Solange eine Anerkennung der Rechte dieser Sprachgemeinschaften in Gesamteuropa nicht zu erreichen ist, muss Deutschland zumindest im eigenen Land für Abhilfe sorgen. Die Trennung zwischen „traditionellen“ und daher schutzwürdigen Minderheitensprachen und „neuen“ Minderheitensprachen ohne Schutzanspruch ist willkürlich: Ab wann wird eine „neue“ Minderheit zu einer „traditionellen“?

Diese Ungleichbehandlung sendet gegenüber den postmigrantischen Sprachgemeinschaften und den Geflüchteten der Gegenwart eine Botschaft der Ablehnung aus, die nicht zur vielbeschworenen Willkommenskultur passt. Es gilt, mit der halbherzigen und bruchstückhaften Sprachpolitik aufzuräumen, um Übersichtlichkeit, Gleichbehandlung und Rechtssicherheit zu schaffen.

Wir sind dabei, sprachliche Grenzzäune hochzuziehen

Das bisherige sprachpolitische Kuriositätenkabinett kann sich das Einwanderungsland Deutschland nicht länger erlauben.
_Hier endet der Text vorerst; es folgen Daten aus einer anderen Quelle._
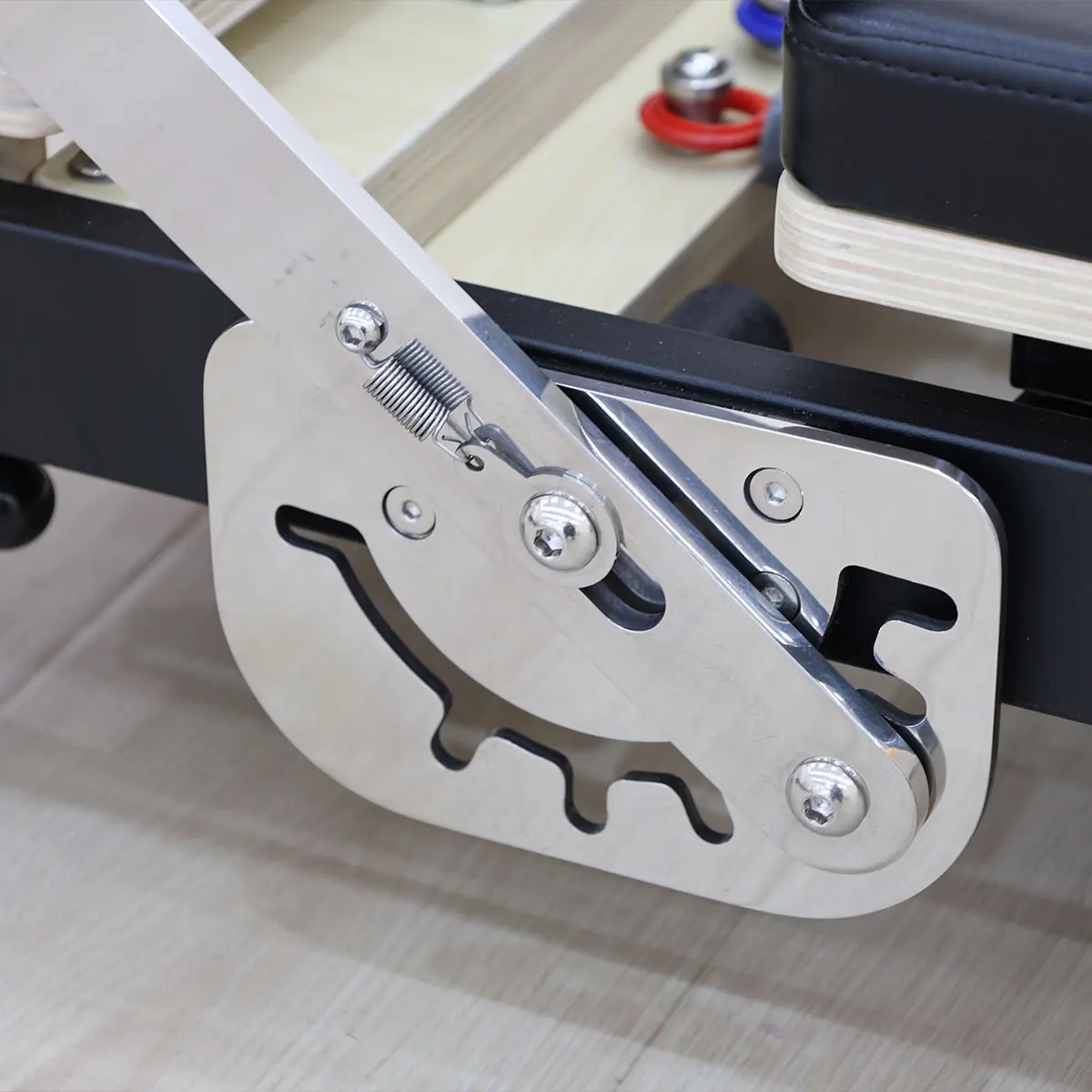 v*-High Density Space-saver Adjustable Legs  Aluminum Folding Pilates Reformer for Senior Fitness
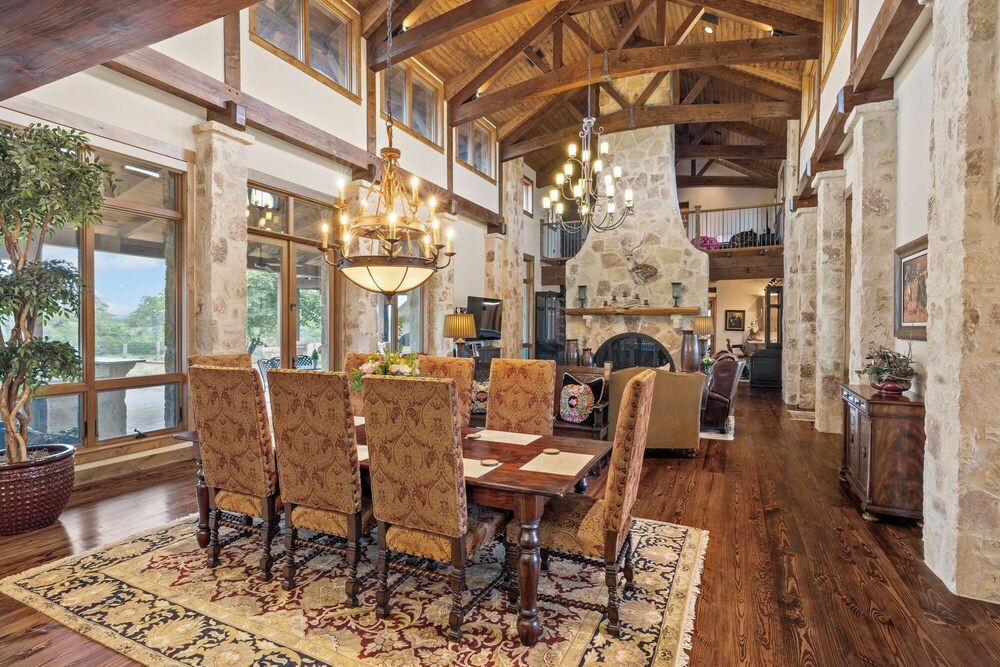 Private Ranch - Pool, Ping Pong, Yoga, Weddings, Games view 3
Während immer lauter über die Schließung der Grenzen debattiert wird, sind wir stetig und leise dabei, im eigenen Land sprachliche Grenzzäune hochzuziehen. Ohne eine zeitgemäße, ambitionierte Mehrsprachigkeitspolitik wird sich die Teilhabe aller hier lebenden Menschen an der Gesellschaft auf Dauer nicht verwirklichen lassen.
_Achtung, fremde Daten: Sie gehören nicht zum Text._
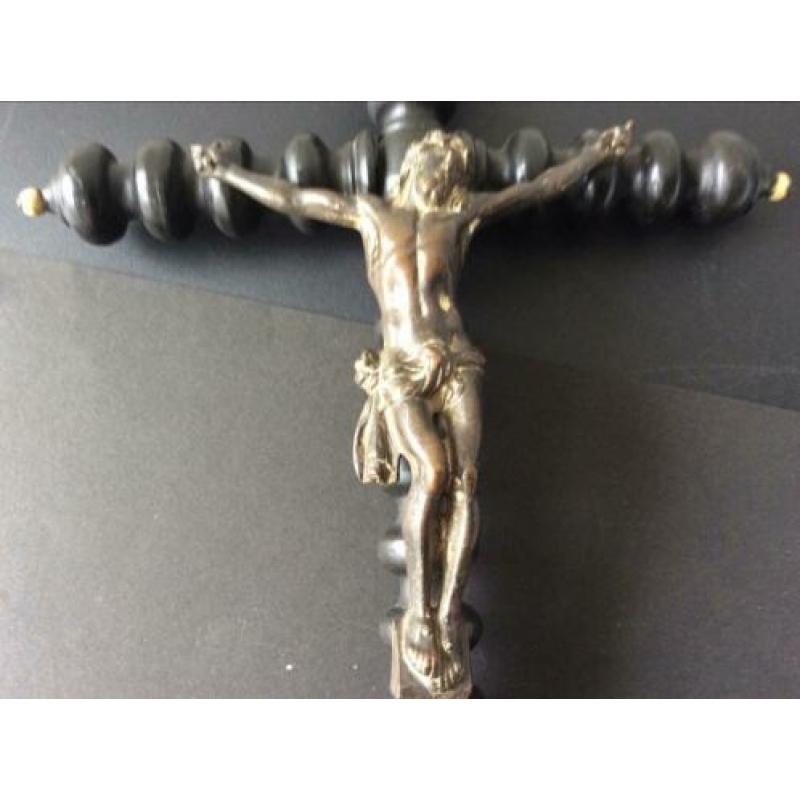 Antiek zwart gedraaid staand jezuskruis kruisbeeld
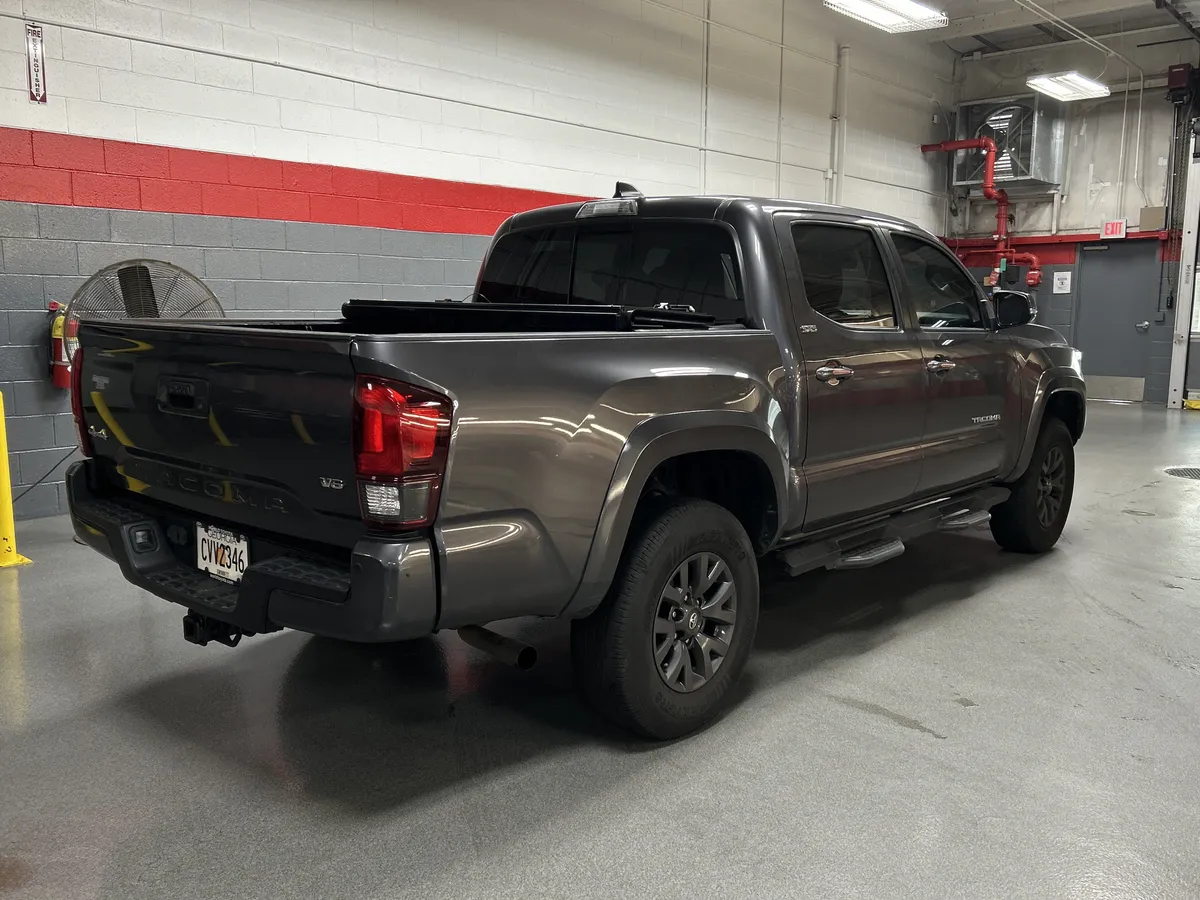 2023 Toyota Tacoma SR5 thumbnail 10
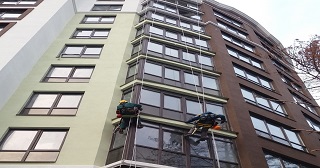 Установка крыши на балкон Армавир цена от 1026 руб. м/2.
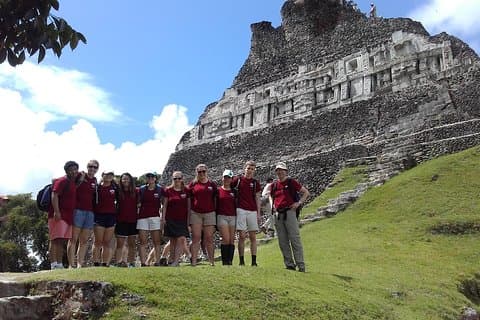 Xunantunich: Echoes of the Ancients Maya Civilization (engelsk)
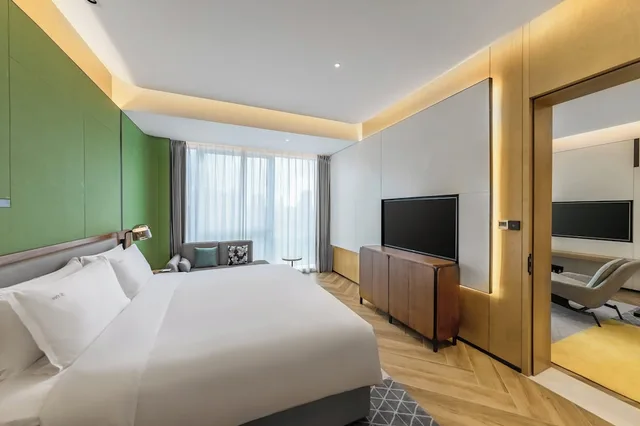 Suite, King Bed, Holiday Inn Xi an Chanba 1/5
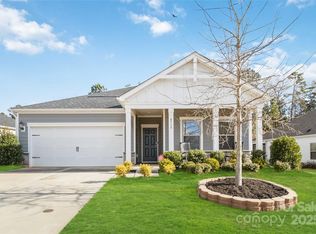 8715 Pennegrove Cir, Charlotte, NC 28214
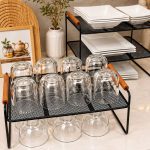 راف کابینتی مشکی با دسته چوبی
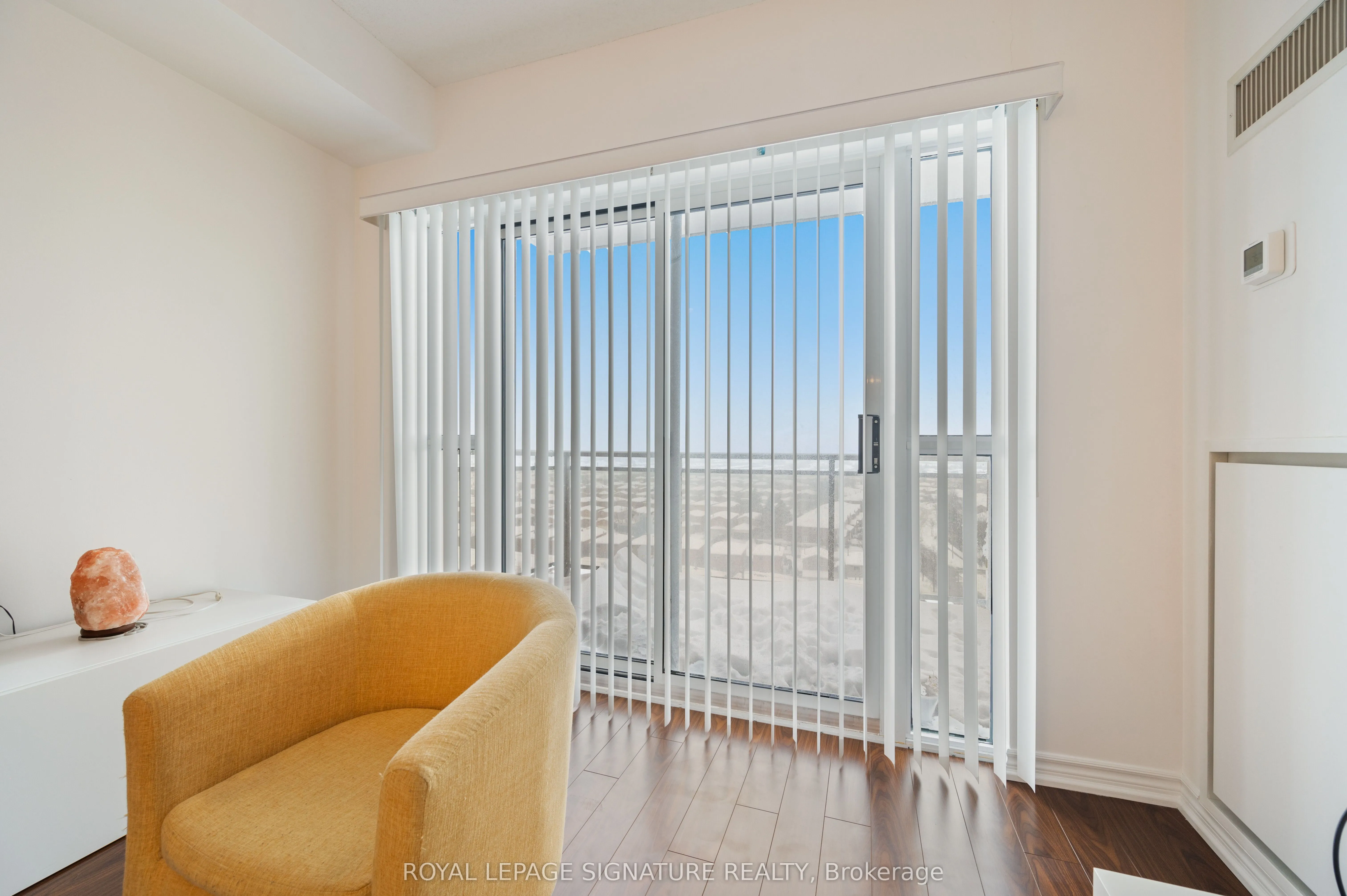 810 Scollard Court, #1003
Der Autor ist Sprachwissenschaftler an der Freien Universität und Vorstandsmitglied des Interdisziplinären Zentrums „Europäische Sprachen“. Im laufenden Semester ist er Gastforscher an der École des Hautes Études en Sciences Sociales in Paris. Er forscht u.a. zu Mehrsprachigkeit und Sprachkontakt, Sprachpolitik und Spracheinstellungen.